Very high resolutions are now practical, too, which changes things a lot. Probably in favour of using filters which never introduce ringing artifacts, like the Gaussian.
(And things like the Lanczos or Mitchell filters exist as compromises between sinc and Gaussian.)
The max sharpness in a digital image, the Nyquist limit, is 1 cycle across 2 pixels. It’s not possible to get any sharper than that. But actually rendering images with frequencies exactly at that limit generally cause aliasing artifacts of some kind. That’s what I mean about getting close to Nyquist.
> Very high resolutions are now practical, too, which changes things a lot. Probably in favor of using filters which never introduce ringing artifacts, like the Gaussian.
Yeah, this is mostly true, and it is one way I justify using a Gaussian.

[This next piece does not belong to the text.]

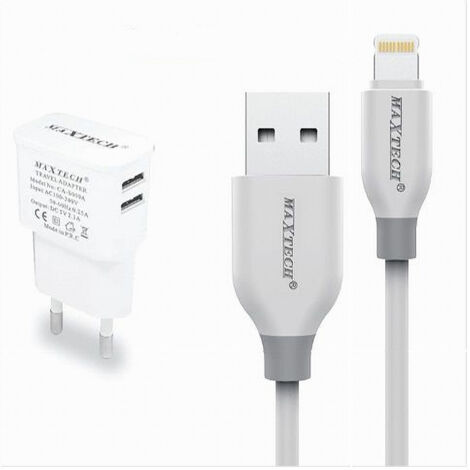 Chargeur Usb 2 Ports 2,1 A + Câble Lightning 1 Mt Maxtech Ca-s038 (1/3)
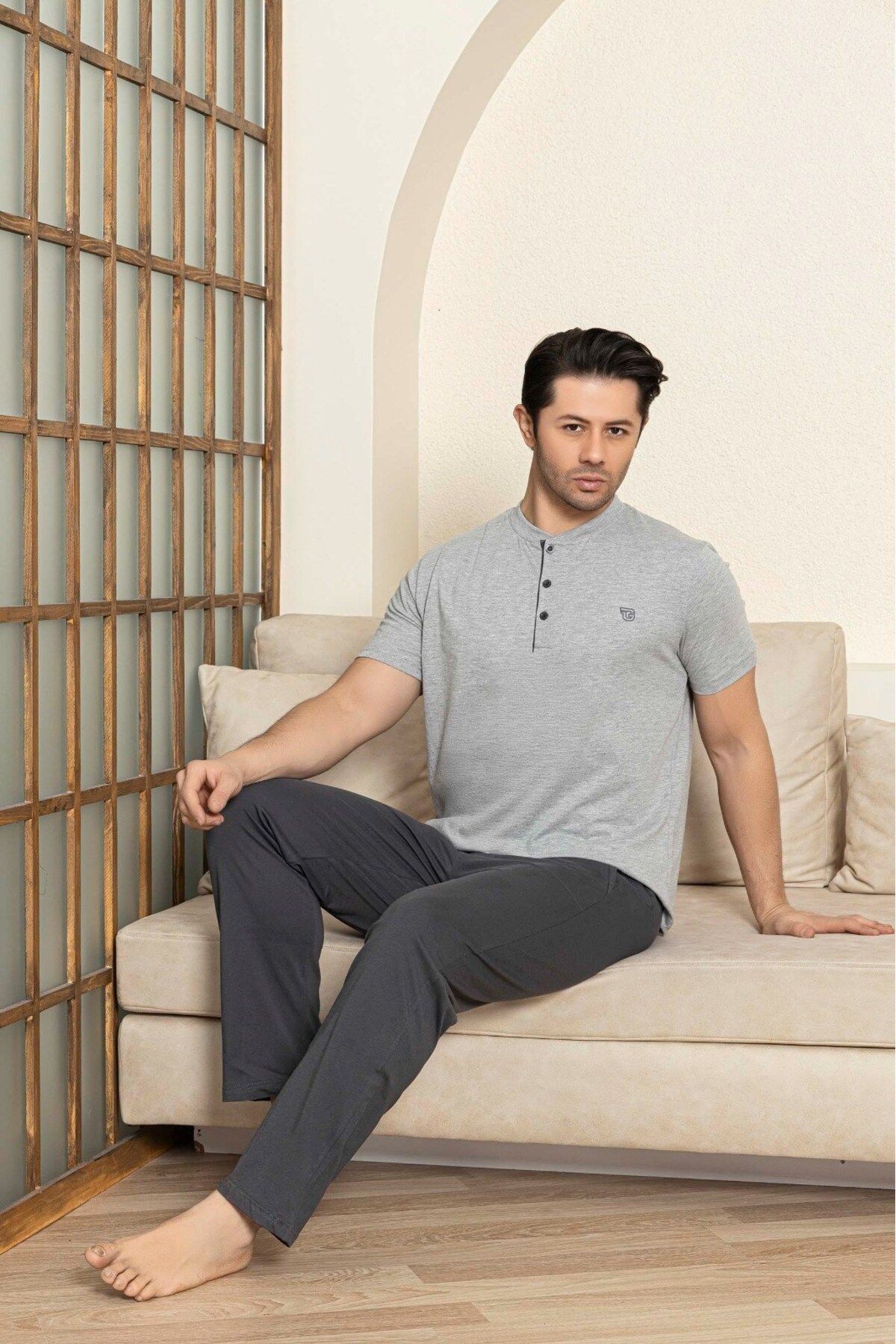 GUAVA+ Erkek 3 Düğmeli %100 Pamuk Yazlık Kısa Kol Cepli Pijama Takımı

But it’s important to know and remember that without the right filter, you can get visible ringing artifacts no matter how high your resolution is, and no matter how much you super-sample your pixels. This doesn’t come up all that much in CG film or photography, but I have a digital art project where it matters a lot and comes up all the time. (And I order expensive prints too, where artifacts not very visible on my monitor can become plain & obvious on paper).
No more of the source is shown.